Romney’s Political Math: The Problem Of Fractions

by sarabeth at 6:00 am on November 29th, 2007 in Republican Clown Show

Tim Grieve on Romney:

Mitt Romney was reportedly asked the other day whether, as president, he’d consider naming a “qualified American of the Islamic faith.” He said no.

“Based on the numbers of American Muslims … in our population, I cannot see that a cabinet position would be justified,” the Christian Science Monitor quotes Romney as saying. “But, of course, I would imagine that Muslims could serve at lower levels of my administration.”

Now, we weren’t aware that Cabinet positions were supposed to be doled out proportionally by religious faith or other demographic qualifiers …

But now that we know, we’re trying to get ourselves up to speed. It turns out that there are 16 members in a president’s Cabinet — the vice president plus the heads of 15 executive departments — which means that each individual member represents 6.2 percent of the Cabinet.
[…]
If the next president were to fill Cabinet seats based on religious demographics, neither Jews nor Mormons, at 1.3 percent of the population each, would have any chance of getting a seat in the room.

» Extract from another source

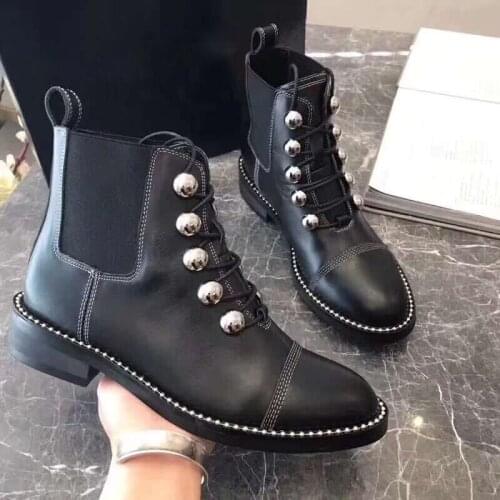 New Design Winer Shoes Woman Black Leather Ankle Boots Chunky Heels Ladies Chelsea Booties Rivets Metal Decor Botas Mujer 2019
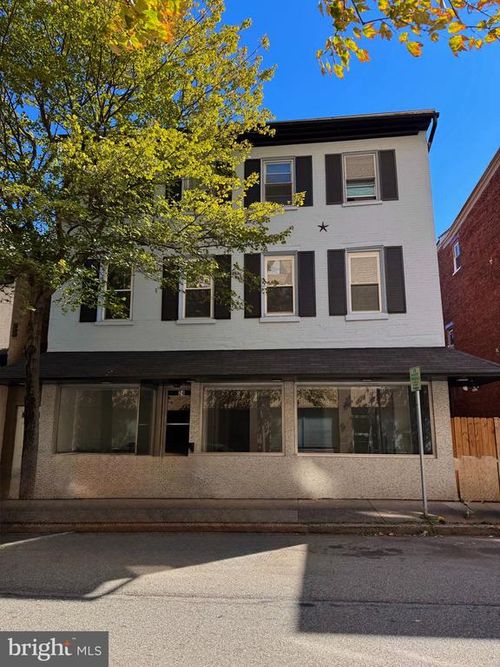 24 N Charlotte St, Pottstown, PA, 19464-5527 | Card Image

Tim Grieve’s exposition of Mitt Romney’s math is very clear: by Romney’s Rules of Proportional Entitlement, Jews and Mormons are entitled to roughly one-fifth of a cabinet position each.

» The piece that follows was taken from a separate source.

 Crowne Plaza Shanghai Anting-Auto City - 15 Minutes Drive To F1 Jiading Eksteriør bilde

But it grieves me to see Tim jump to the Romney-esque conclusion that Jews or Mormons do not therefore qualify to receive a cabinet position.

How cruel is it for that fraction to be rounded off to zero by every President? Fractions can surely be carried forward? Why shouldn’t we have at least one Jew and one Mormon in the cabinet every five presidential elections? In a truly enlightened America, isn’t that what we would do?